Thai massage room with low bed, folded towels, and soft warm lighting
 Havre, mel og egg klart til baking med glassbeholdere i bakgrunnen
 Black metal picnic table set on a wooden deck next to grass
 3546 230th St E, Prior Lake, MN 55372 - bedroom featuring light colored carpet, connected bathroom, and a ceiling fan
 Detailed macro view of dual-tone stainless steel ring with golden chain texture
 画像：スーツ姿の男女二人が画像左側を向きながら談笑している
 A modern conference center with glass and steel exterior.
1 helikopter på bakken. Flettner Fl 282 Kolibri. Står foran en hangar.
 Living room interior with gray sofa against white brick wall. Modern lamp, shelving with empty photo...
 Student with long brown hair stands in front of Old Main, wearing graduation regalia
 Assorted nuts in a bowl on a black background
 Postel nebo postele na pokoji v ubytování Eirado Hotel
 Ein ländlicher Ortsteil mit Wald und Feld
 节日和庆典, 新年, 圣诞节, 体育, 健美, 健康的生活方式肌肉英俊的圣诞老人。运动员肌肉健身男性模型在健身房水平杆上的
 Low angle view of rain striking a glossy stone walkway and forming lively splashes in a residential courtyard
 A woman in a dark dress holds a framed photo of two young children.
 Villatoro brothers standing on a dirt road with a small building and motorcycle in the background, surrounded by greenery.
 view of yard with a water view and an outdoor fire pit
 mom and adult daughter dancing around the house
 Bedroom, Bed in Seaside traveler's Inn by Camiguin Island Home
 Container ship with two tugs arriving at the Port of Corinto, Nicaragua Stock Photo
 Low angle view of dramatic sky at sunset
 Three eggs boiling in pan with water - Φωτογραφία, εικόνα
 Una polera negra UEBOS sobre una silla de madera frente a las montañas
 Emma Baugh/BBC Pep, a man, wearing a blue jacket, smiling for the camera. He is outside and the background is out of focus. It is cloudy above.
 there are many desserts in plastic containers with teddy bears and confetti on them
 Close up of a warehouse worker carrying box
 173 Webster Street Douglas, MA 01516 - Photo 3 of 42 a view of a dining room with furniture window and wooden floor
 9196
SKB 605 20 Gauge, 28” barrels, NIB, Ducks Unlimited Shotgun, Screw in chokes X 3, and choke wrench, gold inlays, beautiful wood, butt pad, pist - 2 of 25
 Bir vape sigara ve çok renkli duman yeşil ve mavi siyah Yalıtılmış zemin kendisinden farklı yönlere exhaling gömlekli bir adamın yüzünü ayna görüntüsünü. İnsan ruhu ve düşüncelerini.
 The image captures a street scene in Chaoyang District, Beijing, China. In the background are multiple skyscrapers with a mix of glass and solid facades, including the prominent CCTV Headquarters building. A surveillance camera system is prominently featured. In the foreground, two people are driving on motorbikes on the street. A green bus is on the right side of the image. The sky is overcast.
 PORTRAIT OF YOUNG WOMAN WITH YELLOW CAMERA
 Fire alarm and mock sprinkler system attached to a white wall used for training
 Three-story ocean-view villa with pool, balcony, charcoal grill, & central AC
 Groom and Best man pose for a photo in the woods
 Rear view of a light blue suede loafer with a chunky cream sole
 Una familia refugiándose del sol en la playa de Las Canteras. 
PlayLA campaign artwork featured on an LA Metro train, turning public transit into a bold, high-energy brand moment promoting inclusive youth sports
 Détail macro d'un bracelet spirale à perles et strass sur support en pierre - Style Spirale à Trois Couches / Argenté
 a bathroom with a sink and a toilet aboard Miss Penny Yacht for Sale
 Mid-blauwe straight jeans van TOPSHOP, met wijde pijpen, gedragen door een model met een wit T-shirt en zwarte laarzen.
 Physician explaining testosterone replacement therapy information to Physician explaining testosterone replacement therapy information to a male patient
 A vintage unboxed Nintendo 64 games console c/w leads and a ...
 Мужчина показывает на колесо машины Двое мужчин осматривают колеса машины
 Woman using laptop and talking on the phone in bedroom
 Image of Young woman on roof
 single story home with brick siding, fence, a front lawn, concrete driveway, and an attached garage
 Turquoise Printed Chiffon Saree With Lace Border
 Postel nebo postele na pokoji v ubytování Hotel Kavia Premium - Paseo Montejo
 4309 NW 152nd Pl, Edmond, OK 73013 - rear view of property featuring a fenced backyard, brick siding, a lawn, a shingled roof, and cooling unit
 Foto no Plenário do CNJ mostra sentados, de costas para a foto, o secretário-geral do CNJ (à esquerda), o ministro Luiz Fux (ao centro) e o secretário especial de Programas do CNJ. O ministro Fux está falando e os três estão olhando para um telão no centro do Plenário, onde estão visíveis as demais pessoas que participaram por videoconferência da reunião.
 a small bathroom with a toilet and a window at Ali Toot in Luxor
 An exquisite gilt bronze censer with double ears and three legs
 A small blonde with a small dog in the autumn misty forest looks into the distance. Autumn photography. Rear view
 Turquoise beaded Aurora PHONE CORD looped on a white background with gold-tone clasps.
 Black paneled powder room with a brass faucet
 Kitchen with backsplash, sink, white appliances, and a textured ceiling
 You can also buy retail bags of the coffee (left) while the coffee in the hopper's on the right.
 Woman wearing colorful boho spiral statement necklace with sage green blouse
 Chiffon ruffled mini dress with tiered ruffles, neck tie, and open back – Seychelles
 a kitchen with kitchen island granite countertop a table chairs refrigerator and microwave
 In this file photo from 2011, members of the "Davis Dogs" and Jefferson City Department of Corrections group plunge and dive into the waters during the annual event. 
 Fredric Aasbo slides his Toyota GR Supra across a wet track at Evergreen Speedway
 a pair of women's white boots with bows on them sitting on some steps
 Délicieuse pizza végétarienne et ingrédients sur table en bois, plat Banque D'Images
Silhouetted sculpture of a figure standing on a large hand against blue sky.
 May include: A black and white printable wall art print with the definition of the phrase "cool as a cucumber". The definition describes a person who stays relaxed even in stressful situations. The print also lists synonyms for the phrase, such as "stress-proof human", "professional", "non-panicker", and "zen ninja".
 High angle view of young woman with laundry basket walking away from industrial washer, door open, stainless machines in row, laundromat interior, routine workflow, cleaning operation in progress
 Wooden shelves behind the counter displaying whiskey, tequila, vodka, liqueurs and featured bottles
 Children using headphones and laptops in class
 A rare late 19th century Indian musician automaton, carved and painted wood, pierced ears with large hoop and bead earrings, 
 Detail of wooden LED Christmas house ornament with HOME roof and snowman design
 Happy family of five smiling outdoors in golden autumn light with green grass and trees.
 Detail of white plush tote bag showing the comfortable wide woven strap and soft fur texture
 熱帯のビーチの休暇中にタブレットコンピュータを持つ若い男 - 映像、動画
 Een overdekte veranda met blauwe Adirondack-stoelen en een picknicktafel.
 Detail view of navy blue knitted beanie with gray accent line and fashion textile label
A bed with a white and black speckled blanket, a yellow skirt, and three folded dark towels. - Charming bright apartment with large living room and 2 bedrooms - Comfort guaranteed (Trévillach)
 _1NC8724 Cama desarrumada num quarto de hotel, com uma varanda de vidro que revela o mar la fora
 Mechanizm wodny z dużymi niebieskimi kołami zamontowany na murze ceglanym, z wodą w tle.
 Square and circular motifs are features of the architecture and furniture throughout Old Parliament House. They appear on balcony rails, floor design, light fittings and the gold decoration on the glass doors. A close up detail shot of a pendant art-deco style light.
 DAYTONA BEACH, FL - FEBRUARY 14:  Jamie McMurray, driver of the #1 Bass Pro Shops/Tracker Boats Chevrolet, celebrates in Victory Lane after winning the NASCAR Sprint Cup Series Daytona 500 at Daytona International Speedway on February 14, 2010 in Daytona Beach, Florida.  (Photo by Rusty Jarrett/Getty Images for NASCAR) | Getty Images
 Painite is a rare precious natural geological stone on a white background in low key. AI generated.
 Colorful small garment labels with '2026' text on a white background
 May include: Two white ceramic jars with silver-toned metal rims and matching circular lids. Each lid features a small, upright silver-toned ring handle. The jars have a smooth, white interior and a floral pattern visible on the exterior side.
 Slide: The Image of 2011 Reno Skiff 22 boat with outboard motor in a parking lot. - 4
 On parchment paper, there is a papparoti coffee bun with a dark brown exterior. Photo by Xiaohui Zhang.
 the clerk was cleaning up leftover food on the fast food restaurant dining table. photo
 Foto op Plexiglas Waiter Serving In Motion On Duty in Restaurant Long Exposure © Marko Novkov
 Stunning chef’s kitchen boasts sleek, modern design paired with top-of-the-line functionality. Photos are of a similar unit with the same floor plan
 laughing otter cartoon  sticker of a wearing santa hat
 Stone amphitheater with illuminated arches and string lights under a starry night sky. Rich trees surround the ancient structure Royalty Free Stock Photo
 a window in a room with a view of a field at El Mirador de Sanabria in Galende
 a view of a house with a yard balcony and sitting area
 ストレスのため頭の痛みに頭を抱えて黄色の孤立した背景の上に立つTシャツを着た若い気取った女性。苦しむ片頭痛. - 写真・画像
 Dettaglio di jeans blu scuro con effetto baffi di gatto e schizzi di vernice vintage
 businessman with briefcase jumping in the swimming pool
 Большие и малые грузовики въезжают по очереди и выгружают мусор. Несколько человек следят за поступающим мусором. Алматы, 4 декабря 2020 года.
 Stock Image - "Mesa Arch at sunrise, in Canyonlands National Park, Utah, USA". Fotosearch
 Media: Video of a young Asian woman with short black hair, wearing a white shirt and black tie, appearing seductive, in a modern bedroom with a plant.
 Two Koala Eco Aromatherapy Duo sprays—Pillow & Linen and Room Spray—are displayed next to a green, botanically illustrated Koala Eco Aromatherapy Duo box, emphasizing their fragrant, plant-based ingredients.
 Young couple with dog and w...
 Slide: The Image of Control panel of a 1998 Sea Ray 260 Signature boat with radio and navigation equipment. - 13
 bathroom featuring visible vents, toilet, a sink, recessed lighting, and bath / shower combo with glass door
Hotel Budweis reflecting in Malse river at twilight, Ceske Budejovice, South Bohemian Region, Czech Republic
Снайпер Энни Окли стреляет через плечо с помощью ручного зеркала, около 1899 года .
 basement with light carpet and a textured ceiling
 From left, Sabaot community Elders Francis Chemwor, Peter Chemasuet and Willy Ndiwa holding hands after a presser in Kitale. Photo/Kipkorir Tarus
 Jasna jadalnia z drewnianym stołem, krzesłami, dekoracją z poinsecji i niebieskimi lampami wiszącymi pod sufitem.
--*--
Aim of the task:
Here the job is to set down exactly the lines of the material above that fall between the one with "Woman wearing colorful" and the one with "a kitchen with", inclusive, and nothing beyond them.

Response area:
 Woman wearing colorful boho spiral statement necklace with sage green blouse
 Chiffon ruffled mini dress with tiered ruffles, neck tie, and open back – Seychelles
 a kitchen with kitchen island granite countertop a table chairs refrigerator and microwave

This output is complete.